If you've got a thing for British comedy shows, you've probably got a crush on Graham Linehan without even knowing it. He's the mastermind behind Father Ted, Black Books and The IT Crowd and you can see his comedy fingerprints on the 2012 Adventure Time episode Goliad which his children also starred in. We spoke to him about his start in gaming in the arcades, his experiences with virtual reality and his fear of gaming clutter.
What's your gaming life like right now?
I used to think it was important to have every gaming platform. I got a PC for PC gaming and then I got the Xbox and the PlayStation 4. I've just been upgrading but I haven't been throwing away the old ones. So I just like the most exciting experience that's around at the moment. Single player that's Dark Souls, multiplayer that's Rainbow Six Siege.
So many people tell me they love Dark Souls, especially people who are in creative industries themselves…
That's interesting. The fact that it doesn't hold your hand and you have to go digging for clues as to how to play it I really like. There's all these moments where things click, that pleasurable moment where you just kind of get something and I've had a lot of those moments with Dark Souls. Some puzzle or just the shape of the maps, that kind of loop around on themselves so you can travel for miles and then suddenly your head sticks up and then you're somewhere you've been before. It just feels like a real world – it's an amazing experience.
And the boss battles, which in any other game I'd absolutely hate, are great because they're possible to beat but they're extremely hard so when you do beat them you leap around the room for joy. It's an absolutely wonderful experience.
It harks back to a time when games were a bit tougher on players.
I guess games used to be a bit crueler to the player, maybe. I guess along the way one of the ways games have improved is you can never fall too far back. Dark Souls gives you the illusion of that but it's actually quite forgiving in how the soul system works – I mean it's absolutely heartbreaking when you die and you've got 80,000 souls but then that informs the way you play it. It's a wonderful bunch of not only game systems but of psychological systems at work.
And what is it about Rainbow Six Siege?
For me the thing I've always wanted from an online game is strategic communication between the players. That's what I really really find exciting and fun and interesting, when you can set up a plan and actually pull it off, it's just the most incredible feeling.
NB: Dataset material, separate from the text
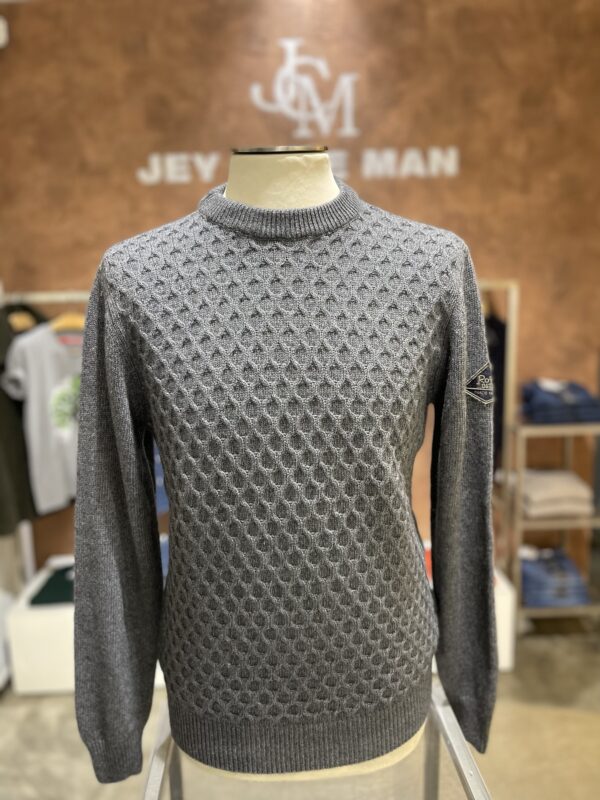 Maglia uomo girocollo misto lana e cashmere Roy Roger’s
You feel like you're in a movie.
Other games that I've played I've always been looking for that, like the Battlefield series which I loved but was beginning to kind of wear me down. The Battlefield series often feels very random – you could be shot from one of four directions and there's no rhyme or reason as to why somebody would be coming over a particular hill at a particular time. So I find Battlefield very hard to strategize and usually when I'm playing with other people we're usually just in silence most of the time. Sometimes someone will shout "there's a guy on the roof." So in Rainbow Six Siege I like it because if you shout "there's a guy on the roof" you have to come up with an immediate plan to get up there and kill him without losing anyone.
That's another thing about the game, when you lose a teammate it's a big deal. It feels very very powerful.
I know you have children, are they at an age where you're playing with them?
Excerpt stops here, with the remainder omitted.